Mrs.Rakhi Shroff, learned Counsel appearing for the appellant contends, the application under Section 9 was not maintainable as the earlier order passed by the learned single Judge stood merged in the order of the court of appeal that did not provide for any future payment.
In any event in case the respondents would require any clarification and/or modification and/or further direction, they would have to approach the court of appeal and not the learned single Judge.
Hence, the application under Section 9 made for the second time was not maintainable.
She supports her contention by citing the precedent in the case of M/s.Gojer Bros.
(Pvt.) LTD.versus Shri Ratan Lal Singh, reported in (1974) 2 SCC 453.
Paragraph 11 being relevant herein is quoted below :“11.
The juristic justification of the doctrine of merger may be sought in the principle that there cannot be, at one and the same time, more than one operative order governing the same subject-matter.
Therefore the judgment of an inferior court, if subjected to an examination by the superior court, ceases to have existence in the eye of law and is treated as being superseded by the judgment of the superior court.
In other words, the judgment of the inferior court loses its identity by its merger with the judgment of the superior court.”
Mrs.Shroff further contends, the application under Section 9 could only be made by a party who was desirous of referring the dispute to arbitration.
Hence, before making the said application, the respondents should have taken all possible steps to have the arbitration heard and concluded.
To that extent, the respondents should have cooperated with the appellant so that the Arbitrator could hear both of them in terms of the direction passed by this Court earlier.
Having not done so, the application was not maintainable.
He refers to the decisions of the Apex Court in the cases of Firm Ashok Traders & Anr.
versus Gurumukh Das Saluja & Ors., reported in (2004) 3 SCC 15.and Sundaram Finance LTD.versus NEPC India LTD.reported in (1999) 2 SCC 479.
Per contra, Mr.Ratnanko Banerji, learned Counsel appearing for the respondents would contend, the appellant created a situation that caused hindrance in resolution of the controveRs.at an early stage.
The appellant would not make payment of any instalment although they are using the equipment.
The appellant would not pay the Arbitrator’s remuneration even then they would insist upon further hearing.
The learned single Judge rightly declined to accede to their request that would deserve no interference by this Court.
We have considered the rival contentions.
The scheme of the Act of 1996, particularly Section 9, would provide power to the Court to give interim protection to the parties to arbitration.
Such interim protection is nothing but an interim arrangement made during the pendency of the arbitration.
The power is also extended in a case where arbitration is yet to commence.
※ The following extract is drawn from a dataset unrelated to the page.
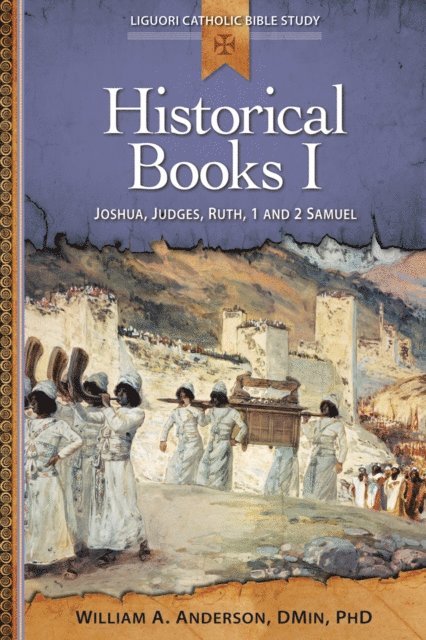 PhD William A. Anderson, DMin - Historical Books I, E-bok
Since no finality is achieved at the Court while disposing of an application under Section 9 extending interim protection to any of the parties to arbitration, the Section 9 application would always be maintainable in a changed circumstance.
Hence, the plea taken by Mrs.Shroff on that score is rejected.
Mrs.Shroff also contends, we should appoint an independent Arbitrator to go into the controversy.
We find such an attempt made by the learned single Judge failed in view of indifferent approach of the appellant.
Even at the admission stage of the appeal, the appellant did not show their bona fide.
Even today Mrs.Shroff is not prepared to make any commitment as to future payments.
We do not find any scope of interference.
The appeal fails and is hereby dismissed.
There would be no order as to costs.
Urgent certified copy of this order, if applied for, be supplied to the parties subject to compliance with all requisite formalities.
(ASHIM KUMAR BANERJEE, J.) (SHUKLA KABIR (SINHA).J.) sd/ AR[CR].